> _SOURCE INFORMATION_
-.-.-
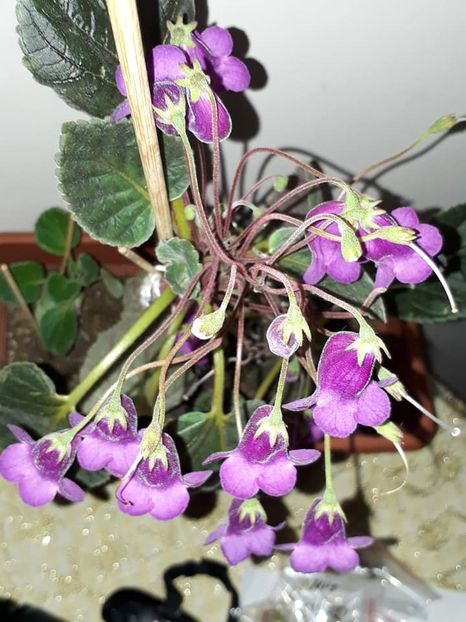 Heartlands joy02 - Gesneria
-.-.-
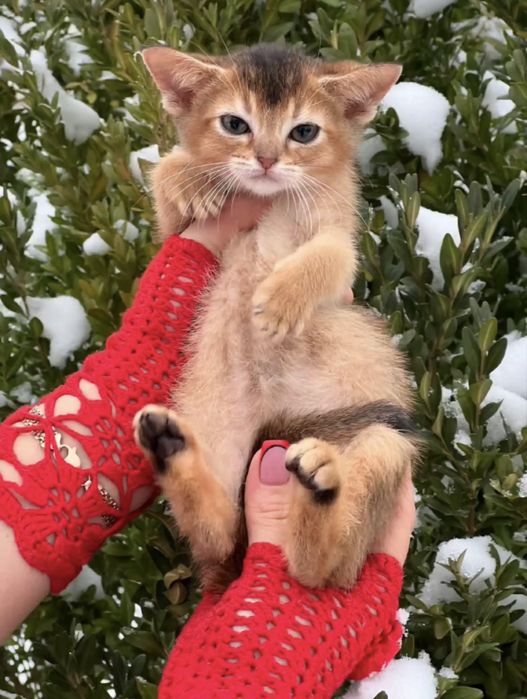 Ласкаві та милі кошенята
-.-.-
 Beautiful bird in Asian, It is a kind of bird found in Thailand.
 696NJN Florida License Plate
-.-.-
> _YOUR OBJECTIVE_
Above are the records; copy exactly the lines from the line with "Beautiful bird in" through the line with "696NJN Florida License Plate", both included.

> _OUTPUT OF THE EXERCISE_
 Beautiful bird in Asian, It is a kind of bird found in Thailand.
 696NJN Florida License Plate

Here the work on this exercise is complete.